Task brief
In your copy, drop the images and return each record exactly as it stands.

***** Available data *****

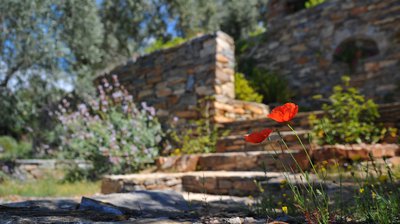 4 Gardening Design Tips Before Selling Your Property cover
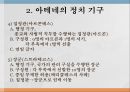 아테네 민주정의민주 정치사아테네의 정치 기구아고라의 역할프닉스 민회장정치적 역할디오니소스 극장 5페이지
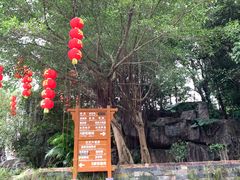 -广州市流溪河国家森林公园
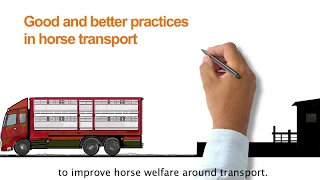 Good and Better practices in Horse Transport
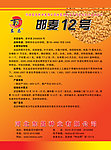邯麦12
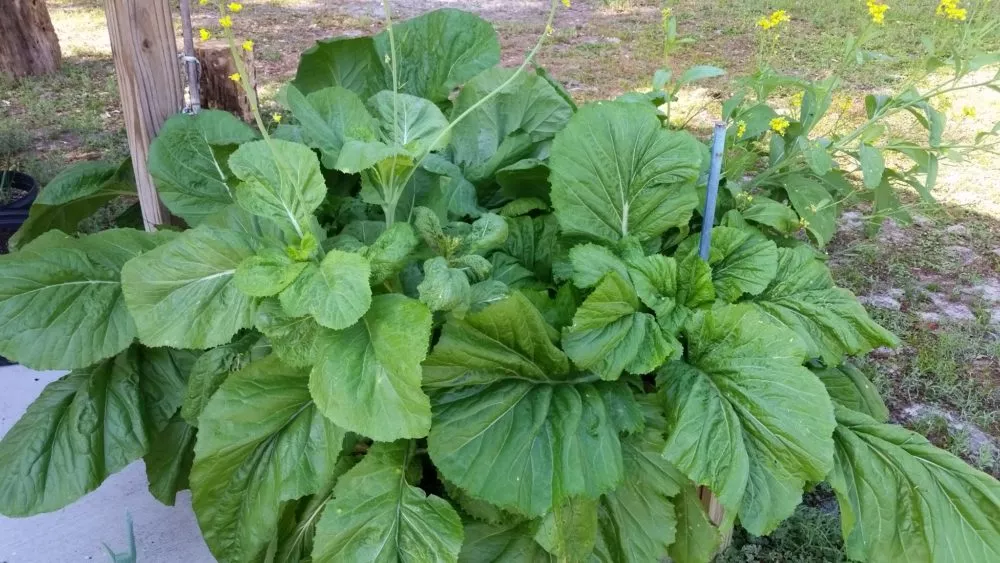 Florida Broad leaf Mustard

*****

Exercise result
 4 Gardening Design Tips Before Selling Your Property cover
 아테네 민주정의민주 정치사아테네의 정치 기구아고라의 역할프닉스 민회장정치적 역할디오니소스 극장 5페이지
 -广州市流溪河国家森林公园
 Good and Better practices in Horse Transport
邯麦12
 Florida Broad leaf Mustard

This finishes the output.